Generally, I have a ballpark figure in my head for each potential clients age. However, I’m sure we’ve all offended or complimented people in equal measure by guessing this number. So, I tend to just ask.

If clients are in their 20’s or 30’s the following need consideration:

  • Is their business at a stage of profitability that they can start to provide for retirement?
  • Do they still have any student loans outstanding?
  • What are their plans for either retirement (yes, this needs considered in your 20’s and 30’s) or exiting their business? If they plan an exit, how? And what will they do after that?
  • Have they multiple income streams that can take dependancy off their business in case of a doomsday scenario?
  • Do they own their own home yet? Are they planning to build/buy? Consider Help To Buy ISA’s and LISA’s (must sign up to LISA’s before the age of 40)

If clients are 50 or over:

  • When do they plan to retire?
  • Have they been making pension contributions? Have these been sufficient to retire when they plan to?
  • Have they any breaks in National Insurance contributions that might affect how much State Pension they receive?
  • Have they any other income generating investments?
  • If they are already 65, they are entitled to an increase Personal Allowance
  • Have they prepared a will? What does it say?
  • Have they started to dispose of their estate during their lifetime? Can they start to do this, so as to bring much of their estate outside Inheritance Tax (IHT)?
  • How healthy are they? Might they (or their spouse) need to move in to a care home at some stage in the future? Ownership of assets can greatly affect how much they need to contribute to this cost.

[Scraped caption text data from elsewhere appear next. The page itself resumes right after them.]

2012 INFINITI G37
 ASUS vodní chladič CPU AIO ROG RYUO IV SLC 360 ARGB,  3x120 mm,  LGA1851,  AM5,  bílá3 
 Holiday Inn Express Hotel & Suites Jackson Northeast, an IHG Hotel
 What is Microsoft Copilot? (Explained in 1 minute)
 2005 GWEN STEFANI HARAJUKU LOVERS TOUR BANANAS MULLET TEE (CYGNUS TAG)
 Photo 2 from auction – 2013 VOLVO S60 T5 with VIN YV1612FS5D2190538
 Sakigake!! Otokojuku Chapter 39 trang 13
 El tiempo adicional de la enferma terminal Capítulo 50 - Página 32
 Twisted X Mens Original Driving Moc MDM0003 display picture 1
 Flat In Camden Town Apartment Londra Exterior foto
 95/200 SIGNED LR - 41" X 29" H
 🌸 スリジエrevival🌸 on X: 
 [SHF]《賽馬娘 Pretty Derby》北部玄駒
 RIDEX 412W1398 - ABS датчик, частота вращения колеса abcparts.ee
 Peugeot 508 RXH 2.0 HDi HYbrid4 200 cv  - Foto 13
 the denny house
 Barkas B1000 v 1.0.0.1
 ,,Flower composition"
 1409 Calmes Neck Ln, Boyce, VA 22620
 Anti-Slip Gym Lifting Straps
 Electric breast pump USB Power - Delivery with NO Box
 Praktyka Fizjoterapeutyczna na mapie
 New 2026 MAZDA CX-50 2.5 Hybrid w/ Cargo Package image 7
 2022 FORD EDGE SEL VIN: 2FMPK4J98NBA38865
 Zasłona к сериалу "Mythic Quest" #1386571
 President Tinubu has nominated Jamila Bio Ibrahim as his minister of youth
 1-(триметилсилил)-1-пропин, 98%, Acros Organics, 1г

Clients between 40 and 50 have a lot of the same consideration – pensions, retirement planning, diversifying income & investments, and estate planning (or at least giving consideration to estate planning).

Are You Married?

Again, a quick glance at the left hand might give this one away but best to ask nonetheless. If they are indeed married, the following tend to go through my head:

  • Does their spouse work? If not, can they work within business to extract a wage and use personal allowance?
  • Are there any unused personal allowances that can be part transferred?
  • If the business is a limited company, can the spouse have shares transferred to aid tax efficient cash extraction?
  • Are combined IHT Nil-Rate Bands sufficient to shelter the home house plus any other assets?
  • What’s in their will? Do all assets/business interests transfer to the spouse? Is this a good thing?
  • Do they own a home? How much is left on their mortgage? Is it practical to pay off early? Is there equity available in the property if they needed to refinance?

 

Do You Have Children?

Having kids is possibly the most important of these questions as it has huge consequences for tax and business planning:

  • What age are the children? If they are school leavers, the parents are likely going to need access to cash if they are going to college
  • Are any of the children involved in the business? Are they part of the succession plan of the business? If not, what is the succession plan?
  • Is it feasible to make children employees or shareholders in the business to aid tax efficient cash extraction?
  • Are the parents entitled to/claiming tax credits?
  • Are the parents paying registered childminders? If so, the new Tax Free Childcare scheme will be of interest to them
  • Are the children provided for tax efficiently in the will? Have the parents explored trusts as an options of providing for their children?
  • Have Junior ISA’s been set up for the children?
  • Have Child Trust Funds been set up for the children?
  • Are the parents planning any more children? Are they entitled to Statutory Maternity/Paternity Pay or Maternity Allowance? Is the business paying any SMP?

Getting Personal

When I explained to the course trainer that these were my three questions, she was somewhat surprised. I think she was worried I might offend some people by asking these personal questions right off the bat. I’ve yet to come across this.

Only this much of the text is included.